Noc żywych trupów

Powiadają, że sen bratem śmierci. Może dlatego z takim obrzydzeniem udają się moje dzieci w ramiona Morfeusza. Może stąd w ogóle imię tego całego Morfeusza, że niby bez zastrzyku morfiny to tak po prostu ich nie uśpisz. Mimo wszystko próbujemy. Ja próbuję głównie, bo Królowa Matka to raczej się do usypiania nie nadaje. Dlaczego? Bo zawsze ją te małe małpy ogłupią i przekręcą. Na dowód podaję przykład. Wychodzę na boks na 21. Kąpię dzieci, robię Miłemu Młodemu Człowiekowi mleko, czytam Oli bajkę. Zadaniem KM jest dokończenie sprawy. Wracam o 23. Właśnie kończą smażyć naleśniki. W domu wygląda jakby Ziobro już wygrał wybory i nasłał na mój dom CBA, co by przetrząsnął naszą siedzibę, pochwycił mnie we własnej osobie i zdemaskowawszy moją tożsamość ogłosił, że już nigdy nikt przez tego pana (wwwirgiliusza) ośmieszony nie będzie.

No więc na Królową Matkę liczyć nie można, co nie znaczy, żebym sam miał jakieś wspaniałe wyniki w tej dziedzinie. Przeciwnie. Bardziej się borykam niż skutecznie usypiam. Owszem, staram się być konsekwentny. Tak, mam parę sztuczek. Wszystkie działają. Albo nie. Zależnie od dnia.

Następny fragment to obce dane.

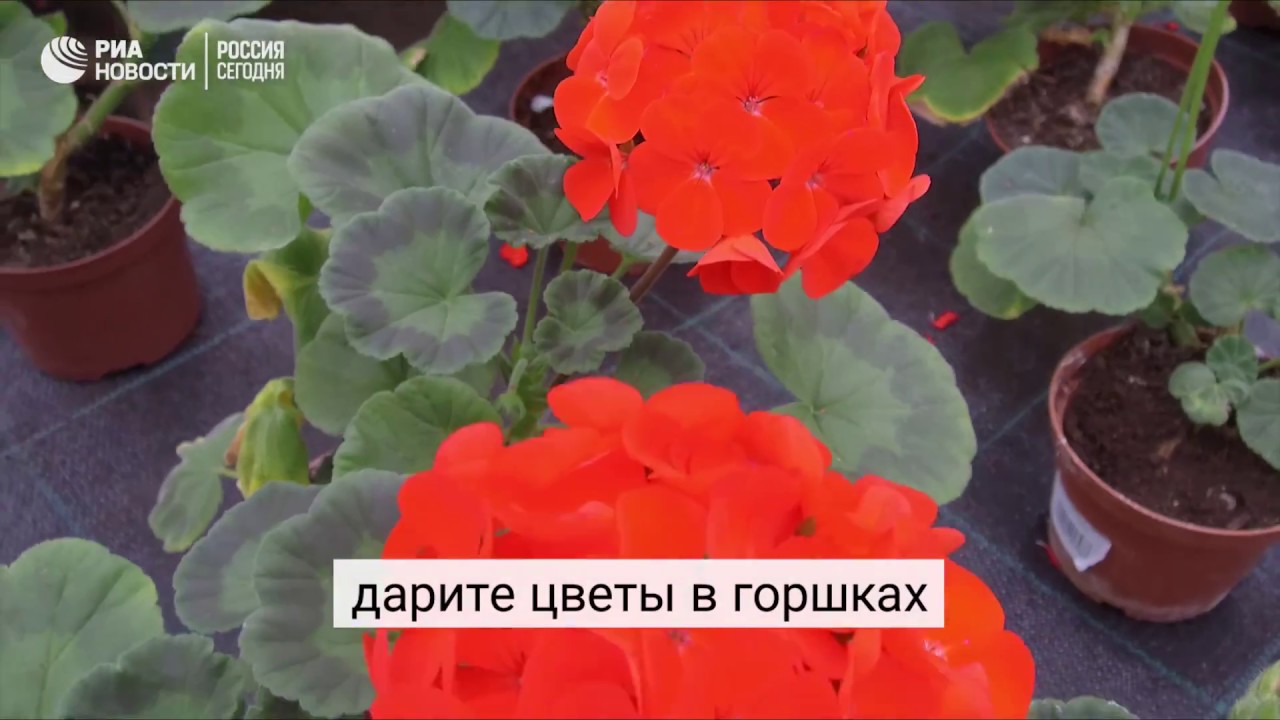Как выращивают цветы к 8 Марта в Москве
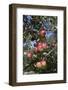 Apple Orchard-Lynn M^ Stone-Framed Photographic Print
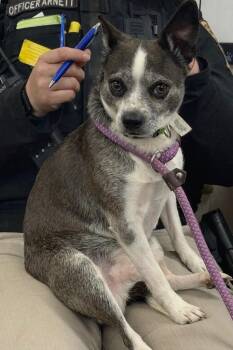 Chihuahua Dogs Available for Adoption - Gizmo/Turtle | PetCurious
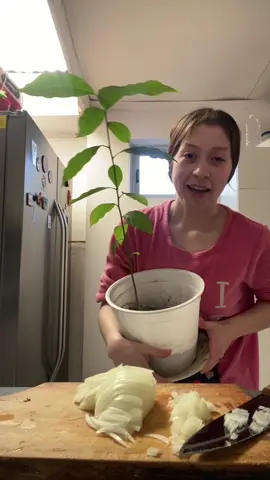Con amorcito💚 #girlssupportgirls #cocina #almuerzo #lentejas #fypシ゚ #pasteldechoclo #cook #cocinaconmigo #fyp #longvideo #paratiiiiiiiiiiiiiiiiiiiiiiiiiiiiiii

Po pierwsze staram się przestrzegać stałych godzin kładzenia młodocianych spać. Najlepiej przed wiadomościami na wybranym kanale telewizyjnym Efekt? Fantastyczny. O określonej godzinie są już wykąpani, przebrani w piżamy i w stu procentach gotowi do zabawy, harców, śpiewania, grania oraz penetrowania regału z zabawkami. Trzeba ich więc tropić, łapać i zaganiać do kojców, klatek i tym podobnych miejsc im przeznaczonych. Królowa Matka mówi w takich sytuacjach zazwyczaj mniej więcej tak: „Daj spokój, zmęczą się, to się sami położą”. Jest to oczywiście nieprawda. Będą buszować aż do kresu naszej cierpliwości. Co innego, gdyby byli w gościach. Tam około godziny dwudziestej zaczną się słaniać, pokładać, pytać, kiedy pójdziemy do domu. Będą się domagać kąpieli, czystej piżamy i kąta do spania.

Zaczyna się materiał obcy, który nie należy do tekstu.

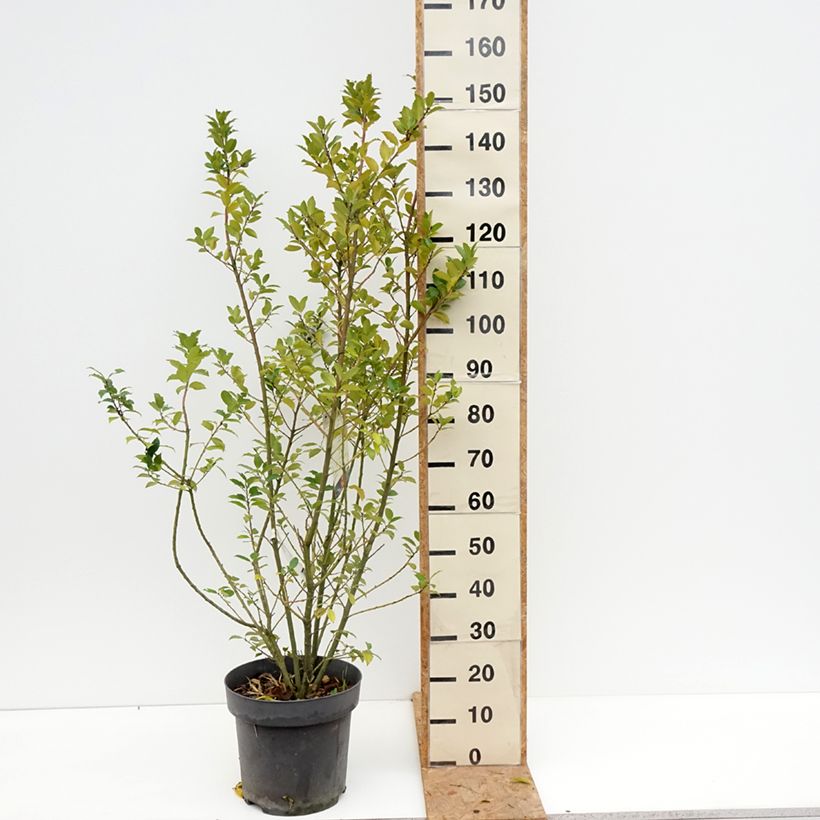 Spécimen de Houx - Ilex (x) meserveae Mesid Pot de 12L/15L tel que livré en automne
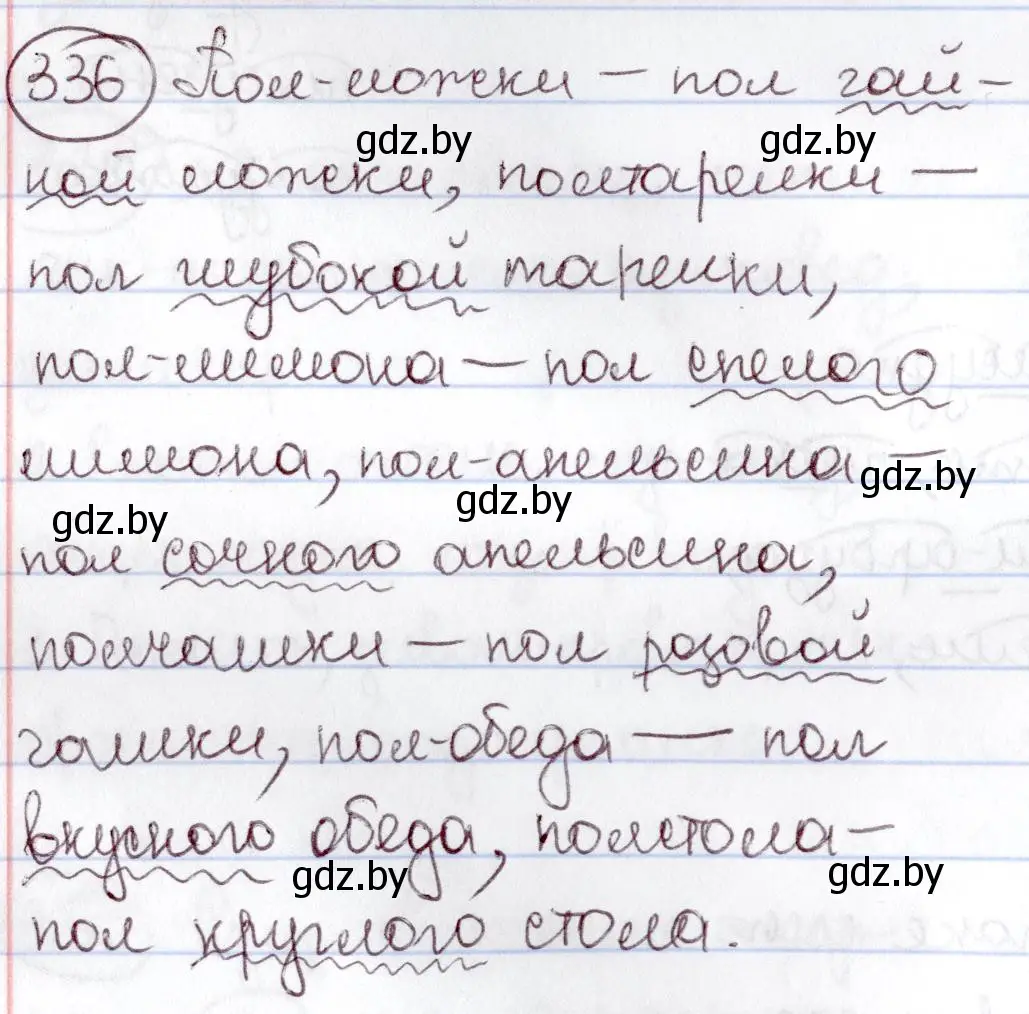 Решение номер 336 (страница 155) гдз по русскому языку 6 класс Мурина, Игнатович, учебник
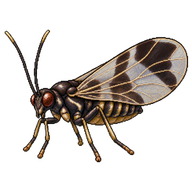 Blackened Hawthorn Psyllid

No więc walczę, kombinuję. Oleńce czytam, potem zgodnie z prośbą otulam (tatusiu otulisz mnie?), ucałowuję (tatusiu ucałujesz mnie na dobranoc?), podprowadzam KM (tatusiu powiesz, żeby mama mnie ucałowała?), przynoszę wodę (tatusiu chce mi się pić), mierzę gorączkę, (tatusiu źle się czuję), a potem kiedy lista chwytów się Oleńce wyczerpuje i zaczyna przechodzić do pytań ostatecznych, to jest: po co żyjemy, czemu się urodziliśmy, to wtedy tracę cierpliwość. W ostrych słowach sugeruję, że koniec cyrków, że pora spać i że zaraz zastosuje wszystkie dostępne mi kary. Oleńka zazwyczaj się na to obraża, łzy roni i kilkanaście sekund później już śpi. Zastanawiam się od dawna, czy całej sprawy nie przyspieszyć opieprzając ją od razu na starcie, ale KM nie zgadza się na takie drogi na skróty i upiera, aby utrata cierpliwości i idący za nią opieprz były naturalne, płynące z głębi serca i spontaniczne. Po takiej akcji zazwyczaj przeciętny rodzic nadaje się do długiego weekendu w psychiatryku, ale nie ma co się nad sobą rozczulać. Bo oto jest do uśpienia jeszcze Miły Młody Człowiek, a to bardziej wymagający zawodnik. Nie ma sensu zostawiać go w łóżku samego dopóki nie zaśnie, bo jak zombiak będzie wyłaził i ganiał po hacjendzie z obłędem w oczach i misiem pod pachą. I na niego znalazłem sposób. Kładę się z nim i nie, o nie!, wcale nie czytam książki, bo by mi wyrywał. Mam coś lepszego. Oglądamy sobie filmy. Zauważyłem bowiem, że MMC jest kompletnie nieodporny na kino moralnego niepokoju. Kilkanaście minut zebrań egzekutywy w wykonaniu spoconych facetów w śmiesznych koszulach wg Kieślowskiego, ze dwa dialogi Mai Komorowskiej z jakimś Zapasiewiczem, Olbrychskim, Nowickim czy innym Bardinim i Miły Młody Człowiek jest pozamiatany. Oczywiście próbuje walczyć, wkłada sobie palce do oczu, grzebie w uchu, rozdrapuje pępek, ale na Zanussiego nie ma rady. Zanussi jest dla dzieci zabójczy. No chyba, że się gdzieś trafi fragment Kilara, co niestety przy dziełach Zanussiego i Kieślowskiego zdarza się dość często. Gdy MMC Kilara usłyszy, zaraz się zrywa i tańcuje, bo okropnie na muzykę wrażliwy jest. I wtedy trzeba mu jeszcze jedną dawkę trucizny, co nudą usypia, dostarczyć.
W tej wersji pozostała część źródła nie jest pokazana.